Yute Commuter Service
| IATA | ICAO | Call sign |
| K2 | TUD | TUNDRA |
- Founded: 2017
- AOC #: T72A272I
- Hubs: Bethel Airport
- Headquarters: Bethel, Alaska, US
- Website: YuteBethel.com

= Yute Commuter Service =

American airline

Yute Commuter Service is an American airline operating in Alaska under FAA Part 135, with their hub located at Bethel Airport. The airline, established in 2017, is the corporate successor to Flight Alaska that did business under the name Yute Air. The airline flies passengers and freight to throughout the Yukon-Kuskokwim delta.

== History ==
In November 2024 former assistant manager Nathan McCabe plead guilty to felony theft for stealing funds from the company. Yute Commuter Service also sued McCabe for more than $200,000 in damages, accusing him of running a scheme to defraud the company.
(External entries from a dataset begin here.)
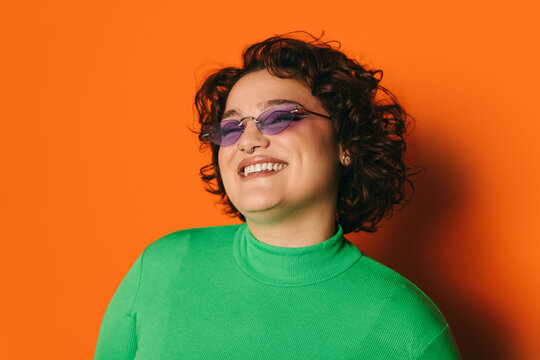 Joyful young curvy woman in purple sunglasses on orange background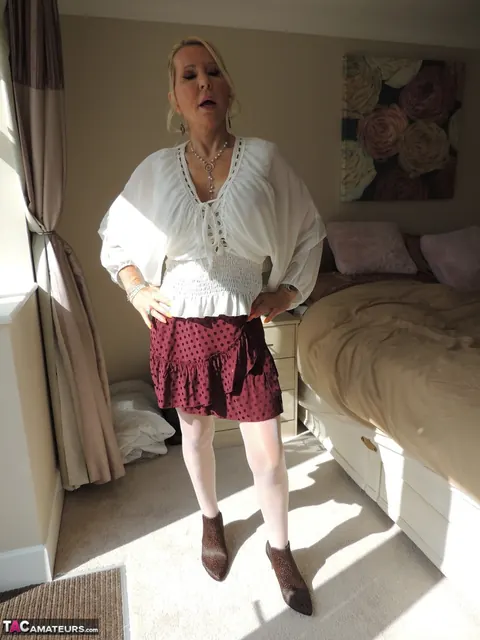 Blonde MILF Strips Off Her Skirt and Spreads Her Legs in Lingerie – photo 1 of 12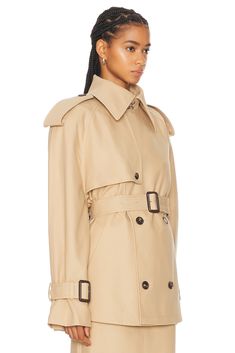 Find WARDROBE.NYC Cropped Trench In Beige on Editorialist. WARDROBE.NYC Cropped Trench in Beige Self: 100% cotton Lining: 100% viscose. Made in Slovakia. Hand wash. Front button closure. Slant pockets. Includes shoulder pads. Includes waistbelt. Belt buckle accented cuffs. WNYF-WO57. W4073R16. About the designer: WARDROBE.NYC is a conceptual composite of luxury essentials, distilled into their purest and most versatile form. Designed for a modern urban life, the line consists of timeless wardrobe staples in a practical minimalist style. The label was founded in 2017 by Josh Goot and Christine Centenera, who wanted to create a better alternative to the current fashion system. Instead of the relentless production-consumption cycle, WARDROBE.NYC dreamed up an improved business model that is m Designer Wardrobe, Christine Centenera, Cropped Trench Coat, Luxury Essentials, Wardrobe Nyc, Khaki Jacket, Womens Khakis, Timeless Wardrobe Staples, Trench Jacket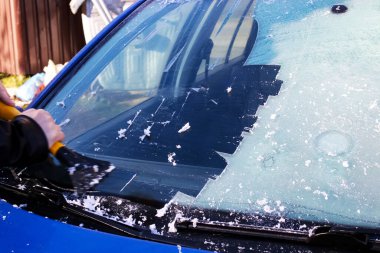 El, arabanın ön camını buzdan temizler.
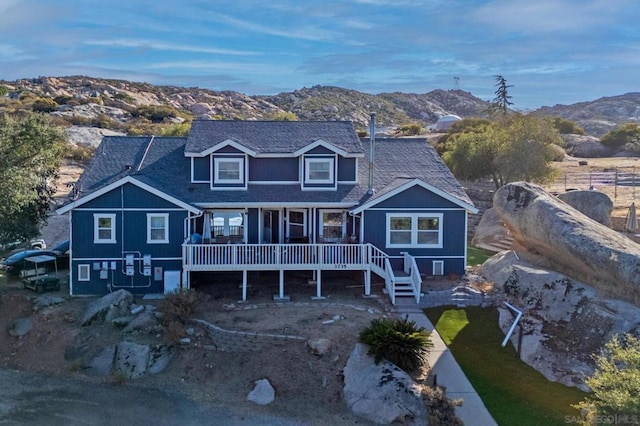 back of house with a deck with mountain view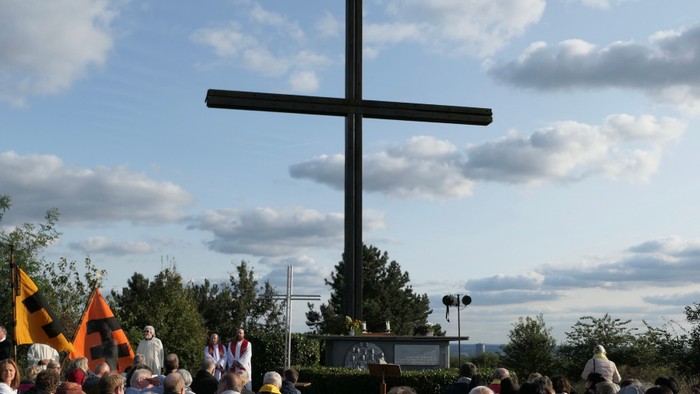 Eine große Menschenmenge versammelt sich vor einem hohen Kreuz unter einem bewölkten Himmel.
In October 2025 they helped deliver passengers and aid to Western Alaska during Typhoon Halong.

== Destinations ==
From Yute Commuter Services regularly serves the following destinations as well as more than 40 others.

- Bethel Airport
- Aniak Airport
- Saint Mary's Airport
- Russian Mission Airport
- Pilot Station Airport
- Kalskag Airport
- Mountain Village Airport

== Fleet ==
Yute Commuter Service operates a fleet of aircraft including:

- Cessna C207 Stationair
- Piper PA32R Lance
- Piper PA32 Cherokee Six
- Cessna 172 Skyhawk

== Incidents ==
On 6 February 2020, a Yute Commuter Service Piper PA-32R, flying under instrument meteorological conditions, crashed about 12 miles out of Tuntutuliak, taking the lives of the pilot and four passengers.

In November 2021, a Yute Cessna 207 caught fire on a runway at Bethel Airport.

On 15 September 2024 a Yute Commuter Service flight crashed near the city of St. Mary's, leading to the death of the pilot and three passengers.